Ericpony's Blog: January 2016

Thursday, January 28, 2016

Intuition behind a mathematical puzzle

Sometimes, it is helpful to reason about a mathematical puzzle in a concrete context. A solution may reveal itself after you reword the problem statement in intuitive terms. The following example shows how the solution to a seemingly nontrivial problem becomes obvious after the statement of the problem is reworded appropri-ately.
Example. Consider the following function:

function f (n: int) {
  if n == 1 return n
  choose integers a, b ≥ 0 such that a + b == n
  return a * b + f(a) + f(b)
}

Our goal is to show that the output of f(n) does not depend on how a and b are determined in the function body. This fact is far from obvious by inspecting the code. A standard approach to show this kind of fact is via mathematical induction. However, to establish the induction hypothesis, one must first express the value of f(n) in $n$. This is not easy given that values of a and b are not specified. Besides, an inductive proof typically proceeds by manipulating formulas. In that case, the proof itself is not very helpful for us to gain insights to the fact it proves.
On the other hand, the fact turns evident once you notice what the function intends to compute. The key observation here is that f(n) effectively counts the number of hand-shaking in a group of $n$ people. A group of size $n$ is is divided into two groups of size $a$ and $b.$ People from different groups then shake hand with each other. This process continues recursively until no smaller group can be form. At that time, each person eventually shakes hand with everybody else for exactly once. Therefore, the value of f(n) is $n\cdot(n-1)/2$ regardless of how groups are divided during the process.

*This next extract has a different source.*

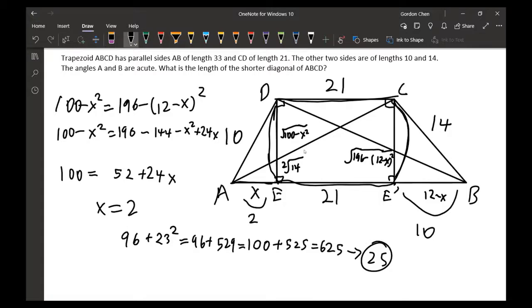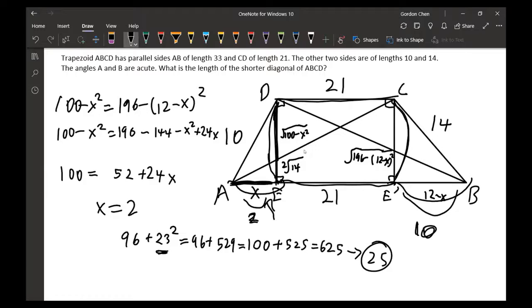Solving gives 24x equals 48, so x equals 2. We plug x equals 2 back in to find the shorter diagonal. AE' equals 23 and the height squared is 96, so the diagonal squared is 96 plus 529, which equals 625. The square root of 625 is 25.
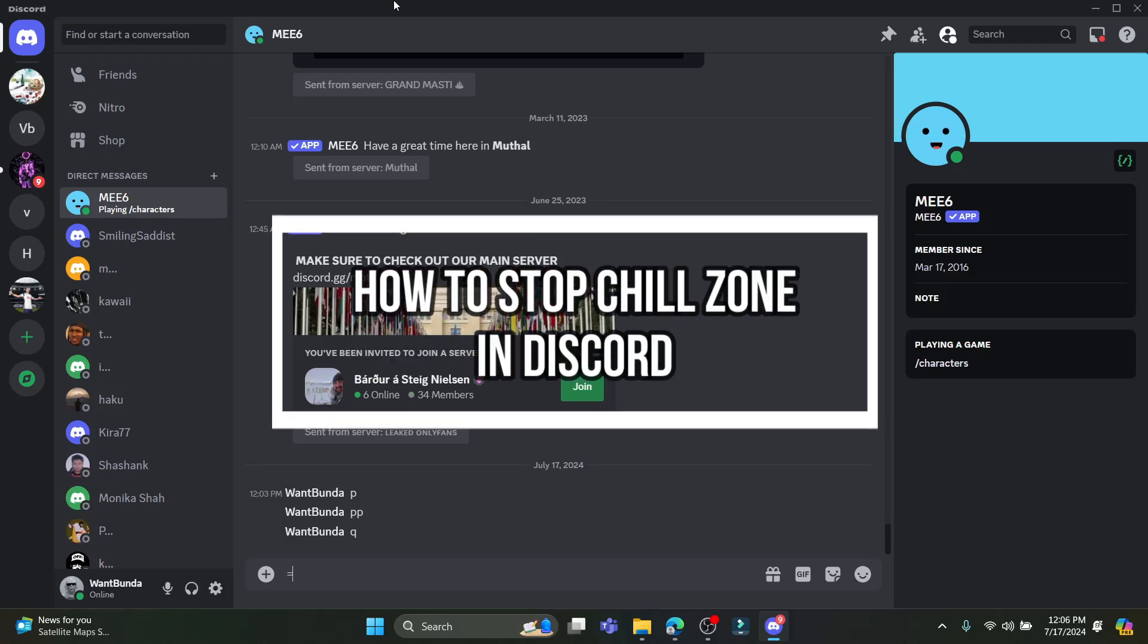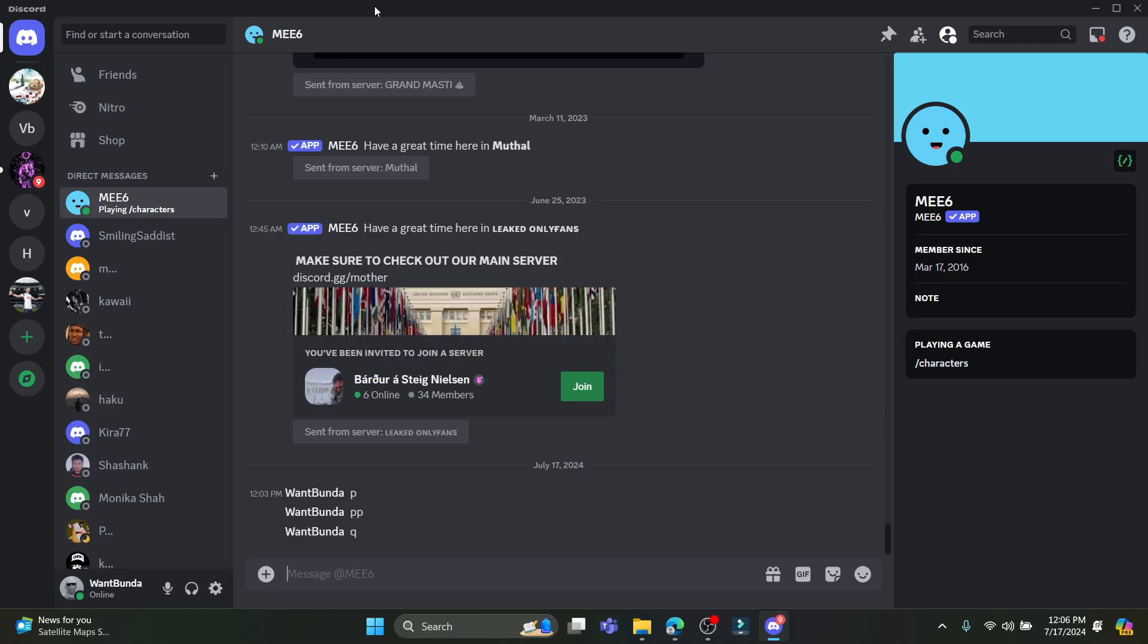Hello and welcome to How to Guide. In this video I'm going to teach you how you can turn on or turn off the chill zone on Discord. So let's go ahead and start. Go ahead and hover around the profile and you can see the server over here.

A technique called double counting is closely related to the idea expressed above.
Example. We know that there are ${n \choose k}$ ways to select a set of size $k$ from a set $S$ of $n$ distinct elements. If $S$ is divided into two partitions of size $a$ and $b$, then selecting a subset from $S$ amounts to selecting a subset from each of the partitions respectively. Therefore, no matter how the partitions are divided, i.e., $a + b = n$, we have $$\sum_{i+j=k}{a \choose i}{b \choose j} = {n \choose k}$$(recall that ${n \choose 0}=1$ and ${n \choose k}=0$ for $k<0$ or $k>n$).

Tuesday, January 12, 2016

A note on Angluin’s Learning Algorithm

The L* Learning Algorithm, also known as Angluin’s Learning Algorithm for DFAs, was first developed by Angluin [1] and later improved by Rivest and Schapire [2]. L* learns an unknown regular language, say $U$ over an alphabet $\Sigma$, and produces a DFA $C$ such that $L(C) = U$. L* works by incrementally producing a sequence of candidate DFAs $C_1 , C_2, ...$ converging to $C$. In order to learn $U$, L* needs a Teacher to answer two type of questions. The first type is a membership query, consisting of a string $\sigma \in \Sigma*$; the answer is true if $\sigma \in U$, and false otherwise. The second type of question is a conjecture, which is a candidate DFA $C$ whose language the algorithm believes to be identical to $U$. The answer is true if $L(C) = U$. Otherwise the Teacher returns a counterexample, which is a string $\sigma'$ in the symmetric difference of $L(C)$ and $U$.
At a higher level, L* creates a table where it incrementally records whether strings in $\Sigma^*$ belong to $U$. It does this by making membership queries to the Teacher. At various stages, L* would decide to make a conjecture. It constructs a candidate automaton $C$ based on the information contained in the table, and asks the Teacher whether the conjecture is correct. If it is, the algorithm terminates. Otherwise, L* uses the counterexample returned by the Teacher to expand the table with strings that witness differences between $L(C)$ and $U$.
The Learner maintains a Boolean table with index set $X\times Y \subset \Sigma^*\times\Sigma^*.$ The rows of the table are indexed by $X$ while the columns are indexed by $Y$. Each cell $(x,y)$ indicates whether or not $xy \in U$. Two strings $a,b\in X$ are called $Y$-equivalent, written as $a\equiv_Y b$, if $ay\in U \iff by\in U$ for all $y\in Y.$ Note that $a\equiv_Y b$ iff the rows indexed by $a$ and $b$ are identical binary strings. The table is called consistent iff all distinct strings $x,x'\in X$ are not $Y$-equivalent. The table is called closed iff for all $x\in X$ and $a\in\Sigma$, there exists $x'\in X$ such that $xa\equiv_Y x'$.
The table determines a reduced DFA when it is consistent and closed. The states of the DFA are $\{[x]_Y:x\in X\}$ (here $[\cdot]_Y$ is the equivalence classes induced by $\equiv_Y$); accepting states are $\{[x]_Y: x\in X\cap U\}$; the transition function $\delta:[X]_Y\times\Sigma\to [X]_Y$ is given by $\delta([x]_Y,a)=[xa]_Y.$ This DFA is reduced as every two states of it can be distinguished by some string in $Y$ by the definition of consistency. The L* algorithm can now be sketched as follows:
Step 1. Start with a one-cell table with index set $\{\epsilon\}\times \{\epsilon\}$.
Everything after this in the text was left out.